- _TASK DETAILS_
Only one stretch of the material below is wanted: everything from the line containing "50pcs Colorful Reusable" down to the line containing "Магнитола subaru", both ends included. Repeat it exactly and skip the pictures.

- _DATA RECORDS_
──────────
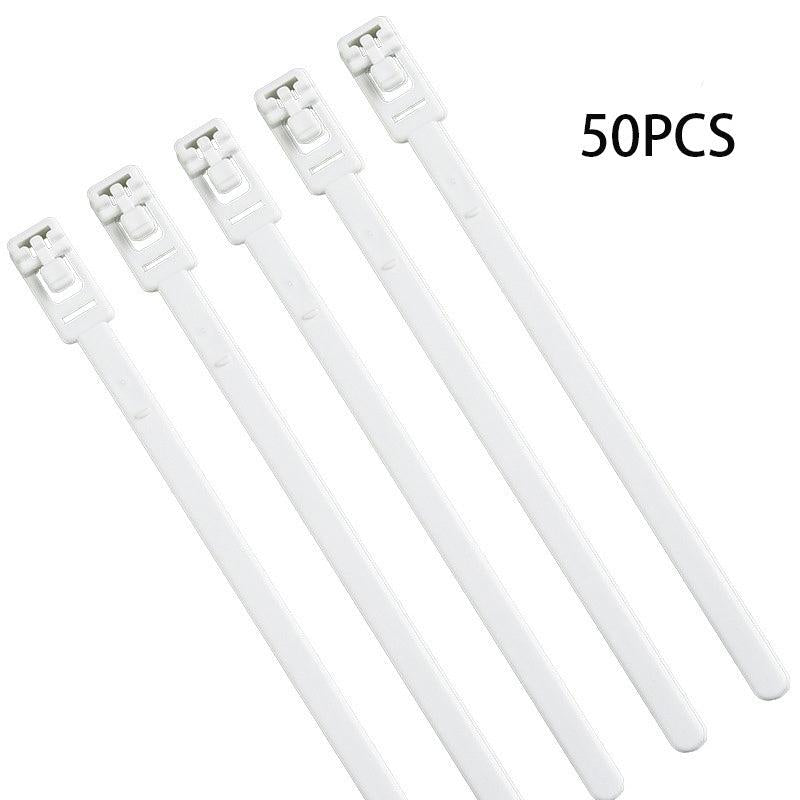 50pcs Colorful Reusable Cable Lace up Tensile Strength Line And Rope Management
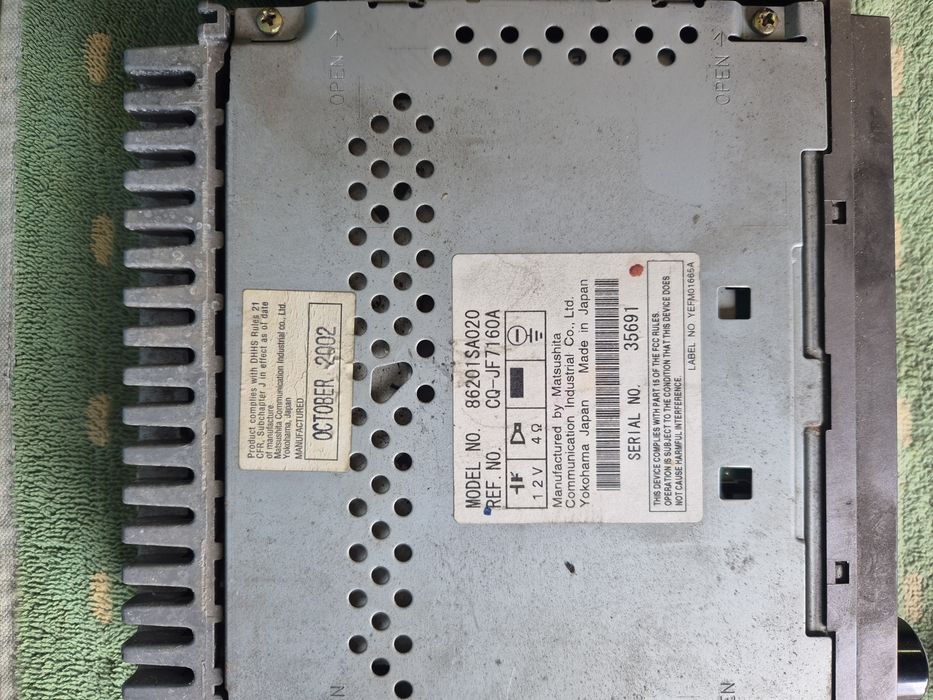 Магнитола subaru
──────────
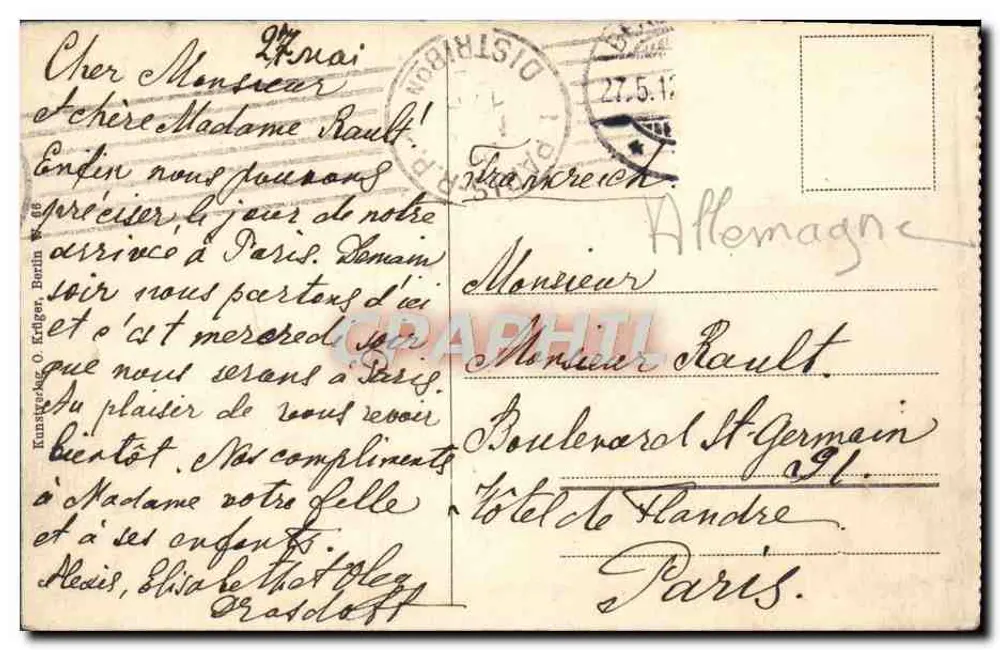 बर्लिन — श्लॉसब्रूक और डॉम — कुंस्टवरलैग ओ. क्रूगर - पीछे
──────────
- _YOUR SOLUTION_
 50pcs Colorful Reusable Cable Lace up Tensile Strength Line And Rope Management
 Магнитола subaru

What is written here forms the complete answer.